I realized the other day that I haven’t blogged for a
while. For the past few days, I’ve been
trying to think of a topic. This
afternoon, my wife called me from the top of Bromley Mountain in Peru. “It’s snowing!” she said gleefully. “The top of the mountain is white!”
Snow? In May? Memorial Day weekend?
I was instantly reminded of an event that I learned about in
history class in junior-high. The Year
Without a Winter.
In 1816 the weather in Vermont was cold enough during the
summer that crops failed and ponds froze over.
It snowed the first week of June, and the end of August saw frost hit,
killing even more crops. The cause of
the strange weather was thought to be linked to the eruption of Mount Tambora in Indonesia the year before, which spread dust and ash
into the air, eventually leading to the lowered temperatures on this side of
the world. [1]
What, I wondered, were my ancestors doing during that year?
Solomon Davis and his wife Hannah, who brought the family
west from New Hampshire in 1803, would have been raising, along with their
other children, their new baby daughter.
Hannah Davis, who shared her mother’s name, was born in May of 1816 in
Londonderry, Vermont. Solomon, his son,
grandson, great-grandson, and so on were farmers. The family remained in Londonderry until my
grandfather, Solomon Wesley, passed away in 1996, one-hundred and ninety-three years after the family arrived in town.
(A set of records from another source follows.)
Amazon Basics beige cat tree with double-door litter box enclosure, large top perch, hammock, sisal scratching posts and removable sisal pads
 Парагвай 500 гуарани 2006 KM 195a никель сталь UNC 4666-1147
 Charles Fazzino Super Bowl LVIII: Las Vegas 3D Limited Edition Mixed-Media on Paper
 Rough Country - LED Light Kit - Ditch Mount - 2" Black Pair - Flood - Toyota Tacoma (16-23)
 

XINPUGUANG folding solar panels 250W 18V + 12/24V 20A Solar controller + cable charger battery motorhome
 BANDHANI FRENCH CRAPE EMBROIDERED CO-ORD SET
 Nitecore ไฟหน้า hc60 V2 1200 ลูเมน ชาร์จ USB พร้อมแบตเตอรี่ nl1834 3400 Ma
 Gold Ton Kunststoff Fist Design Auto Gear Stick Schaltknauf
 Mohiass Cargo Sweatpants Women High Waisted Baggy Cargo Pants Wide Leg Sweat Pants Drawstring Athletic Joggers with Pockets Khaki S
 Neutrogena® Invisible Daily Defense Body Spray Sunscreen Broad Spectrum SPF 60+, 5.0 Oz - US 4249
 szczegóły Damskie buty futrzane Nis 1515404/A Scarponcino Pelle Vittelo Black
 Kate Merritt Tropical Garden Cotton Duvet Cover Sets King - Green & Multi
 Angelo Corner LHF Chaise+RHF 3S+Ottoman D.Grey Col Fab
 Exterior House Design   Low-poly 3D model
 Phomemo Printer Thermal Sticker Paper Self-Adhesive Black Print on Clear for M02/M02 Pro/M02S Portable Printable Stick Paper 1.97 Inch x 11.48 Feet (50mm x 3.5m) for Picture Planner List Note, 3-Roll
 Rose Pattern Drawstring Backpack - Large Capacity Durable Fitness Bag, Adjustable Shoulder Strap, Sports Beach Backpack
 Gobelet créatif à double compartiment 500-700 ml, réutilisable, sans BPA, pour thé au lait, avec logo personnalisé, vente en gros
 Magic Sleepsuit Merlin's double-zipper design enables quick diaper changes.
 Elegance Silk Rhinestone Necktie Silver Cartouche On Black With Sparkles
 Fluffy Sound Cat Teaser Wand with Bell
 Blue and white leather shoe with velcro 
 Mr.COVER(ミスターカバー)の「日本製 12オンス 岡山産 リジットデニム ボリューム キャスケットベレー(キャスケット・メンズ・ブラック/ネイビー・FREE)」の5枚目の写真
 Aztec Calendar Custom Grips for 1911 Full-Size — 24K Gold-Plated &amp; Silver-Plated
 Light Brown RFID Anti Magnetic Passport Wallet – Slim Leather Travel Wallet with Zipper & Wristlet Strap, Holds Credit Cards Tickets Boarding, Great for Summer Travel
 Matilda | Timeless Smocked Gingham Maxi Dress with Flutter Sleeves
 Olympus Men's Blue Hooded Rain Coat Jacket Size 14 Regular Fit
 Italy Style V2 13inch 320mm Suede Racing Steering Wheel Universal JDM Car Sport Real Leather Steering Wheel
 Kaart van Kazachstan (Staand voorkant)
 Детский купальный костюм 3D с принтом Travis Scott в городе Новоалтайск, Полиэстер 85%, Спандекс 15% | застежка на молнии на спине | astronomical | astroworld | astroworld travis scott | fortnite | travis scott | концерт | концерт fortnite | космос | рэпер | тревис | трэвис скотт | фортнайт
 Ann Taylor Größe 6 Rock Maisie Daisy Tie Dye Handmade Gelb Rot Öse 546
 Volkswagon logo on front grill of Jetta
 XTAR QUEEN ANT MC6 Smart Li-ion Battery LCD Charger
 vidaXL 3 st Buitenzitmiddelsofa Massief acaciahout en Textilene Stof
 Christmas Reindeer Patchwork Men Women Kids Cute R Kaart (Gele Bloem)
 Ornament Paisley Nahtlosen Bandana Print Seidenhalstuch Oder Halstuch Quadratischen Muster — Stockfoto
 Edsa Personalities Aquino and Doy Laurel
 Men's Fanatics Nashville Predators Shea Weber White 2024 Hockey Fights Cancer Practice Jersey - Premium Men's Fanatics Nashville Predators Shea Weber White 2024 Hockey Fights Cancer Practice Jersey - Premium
I can only imagine what the farmers in 1816 must have been
going through, planting crops to feed their families, only to see those crops
freeze and die. Then I was given a
reminder of Vermont resilience. My aunt,
as I typed this post, posted a photo on Facebook. The photo was taken in a town near Londonerry, on May 25th,
1967, or exactly 46 years before today's snow. The image shows snow-covered fields
with snow-covered mountains in the background.
Her comment: “My dad planted potatoes the next day.”
Apparently both the first and last Davis men to live in
Londonderry had something in common.